At the planning and reasoning layer, the paper confirms what recent jailbreak research has increasingly shown: even agents whose perception is intact can be redirected at the instruction level. Semantic jailbreaks that exploit the flexibility of natural language planning — the same flexibility that makes VLA models generally capable — create an irreversible commitment problem. Once a robot begins executing a compromised plan, mid-trajectory correction is both technically hard and mechanically risky.

The action execution layer introduces hardware-level vulnerabilities that have received almost no attention in the LLM safety literature: firmware injection, sensor output manipulation, and actuator control subversion. These are not theoretical. The paper documents multiple demonstrated attack chains that terminate at the physical system layer.

400 Papers, One Framework

What makes this survey operationally useful is the decision to organise all 400+ papers along two timing axes: when the attack occurs (training-time vs inference-time) and when the defense can be applied (training-time vs inference-time). The resulting 2×2 grid reveals a structural imbalance in the existing literature: the field has invested heavily in inference-time attack research but has comparatively neglected training-time defenses, especially data supply chain hardening.

Training-time threats — backdoor attacks embedded in demonstration data, poisoned preference datasets, compromised pre-training corpora — are particularly dangerous for embodied AI because robot manipulation policies are often fine-tuned on narrow proprietary demonstration sets with no adversarial vetting. A poisoned grasping demonstration is not detectable by the LLM safety evaluations currently in common use.

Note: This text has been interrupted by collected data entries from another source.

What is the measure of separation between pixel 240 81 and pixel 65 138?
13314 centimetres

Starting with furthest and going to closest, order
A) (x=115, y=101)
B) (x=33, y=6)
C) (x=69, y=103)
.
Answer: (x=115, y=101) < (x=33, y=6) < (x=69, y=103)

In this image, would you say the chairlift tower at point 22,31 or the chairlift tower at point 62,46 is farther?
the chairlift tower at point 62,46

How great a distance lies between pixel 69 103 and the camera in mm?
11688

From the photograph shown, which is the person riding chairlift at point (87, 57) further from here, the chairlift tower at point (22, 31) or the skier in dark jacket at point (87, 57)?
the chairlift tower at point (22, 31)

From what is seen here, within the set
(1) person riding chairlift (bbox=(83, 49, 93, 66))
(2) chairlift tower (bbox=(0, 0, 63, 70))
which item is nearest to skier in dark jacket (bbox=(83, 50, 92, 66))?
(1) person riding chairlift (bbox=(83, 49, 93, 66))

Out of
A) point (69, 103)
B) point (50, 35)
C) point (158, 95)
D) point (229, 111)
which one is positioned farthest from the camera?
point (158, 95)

The Failure-First Research Connection

From a failure-first perspective, this paper does something analytically valuable: it separates failures that are structurally expected from failures that are contingent on design choices. Fragile multimodal fusion is structurally expected given current VLA architectures — no amount of safety tuning on the language tower addresses sensor-level adversarial inputs. Jailbreak susceptibility at the planning layer is more contingent: it correlates with instruction-following capability in ways that suggest architectural interventions may be available.

The paper also surfaces a gap that maps directly to the failure-first research programme: the evaluation infrastructure for embodied AI safety is immature. Most papers evaluate on narrow simulation benchmarks that do not capture the long-horizon trajectory dynamics, the recovery behaviour, or the compounding failure modes that make real-world deployment risky. The survey’s call for standardised evaluation frameworks echoes a finding we have documented independently across our VLA red-teaming work.

Why This Survey Matters Now

The timing is deliberate. VLA models — the unified perception-language-action architectures — have moved from research to production deployment in the past 18 months. The safety literature has not kept pace. This paper is an attempt to close that gap by giving researchers and practitioners a common vocabulary, a structural map of the threat landscape, and an honest accounting of where defenses currently exist and where they do not.